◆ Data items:
•••••

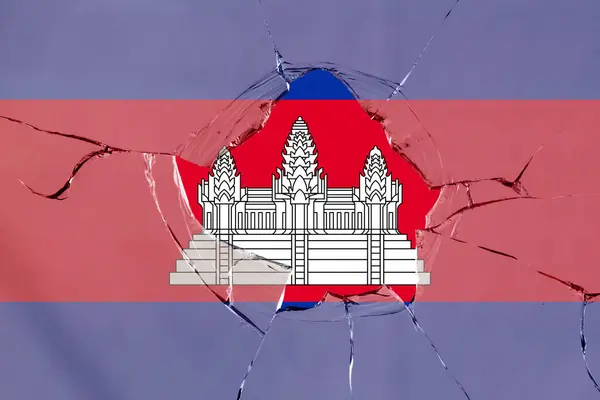 Bandera Camboya Rotura Vidrio — Foto de Stock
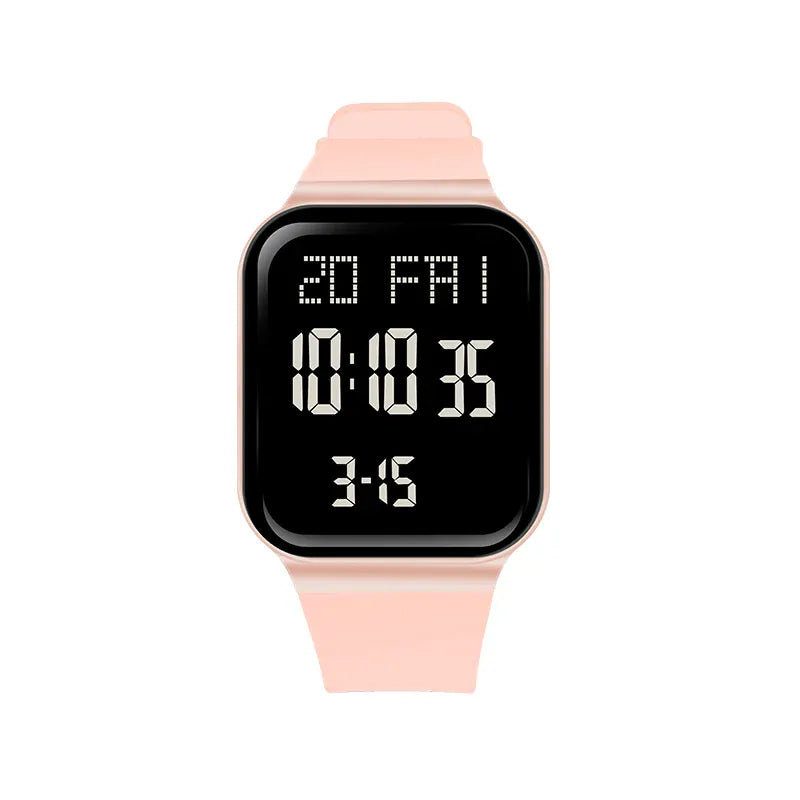 KissICON Pink Sport Digital Watch For Men Women Waterproof Alarm
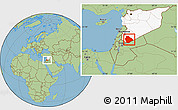 Savanna Style Location Map of As Suwayda, highlighted country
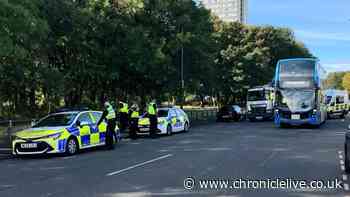 North East bus crash saw one taken to hospital and road closed
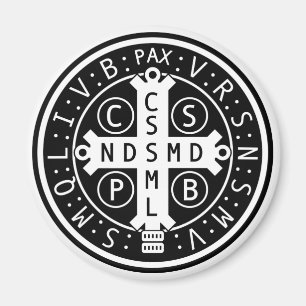 Runder Magnet mit Medaille von St. Benedict, alle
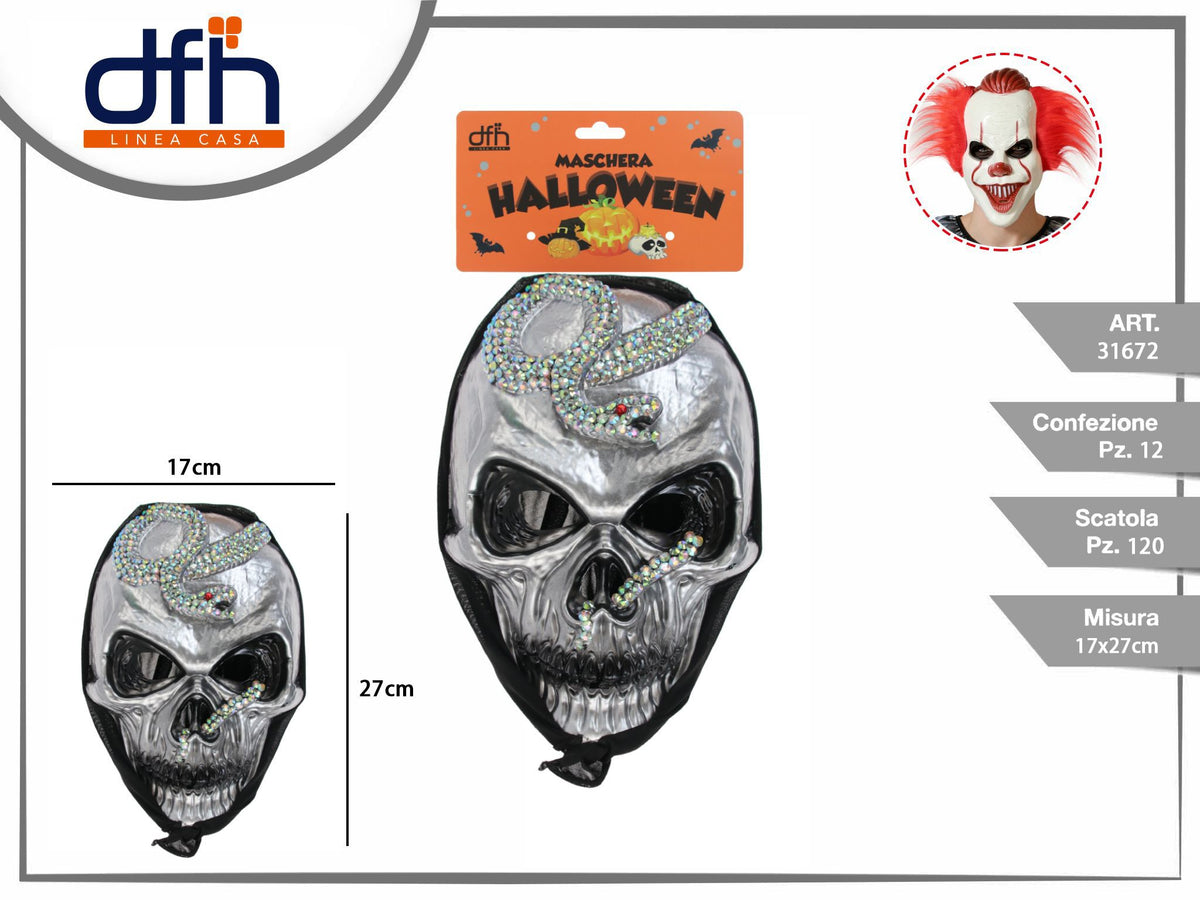 Maschera teschio con rettili decorativi 17 × 27 cm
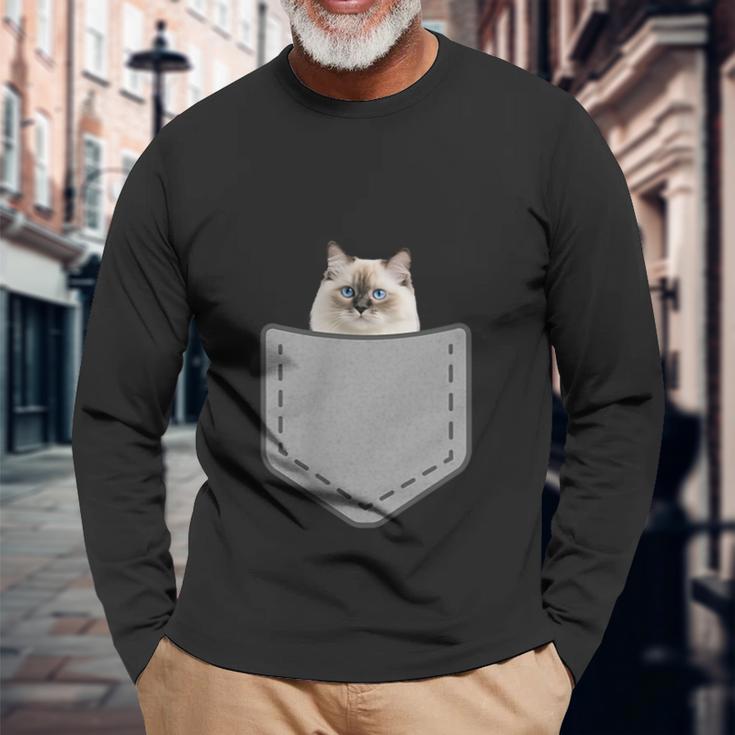 ファニーラグドール猫 長袖Tシャツ 高齢者への贈り物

•••••

◆ BRIEF:
Every line of the records must come back unchanged, except that pictures are dropped.

◆ OUTPUT OF THE TASK:
 Bandera Camboya Rotura Vidrio — Foto de Stock
 KissICON Pink Sport Digital Watch For Men Women Waterproof Alarm
 Savanna Style Location Map of As Suwayda, highlighted country
 North East bus crash saw one taken to hospital and road closed
 Runder Magnet mit Medaille von St. Benedict, alle
 Maschera teschio con rettili decorativi 17 × 27 cm
 ファニーラグドール猫 長袖Tシャツ 高齢者への贈り物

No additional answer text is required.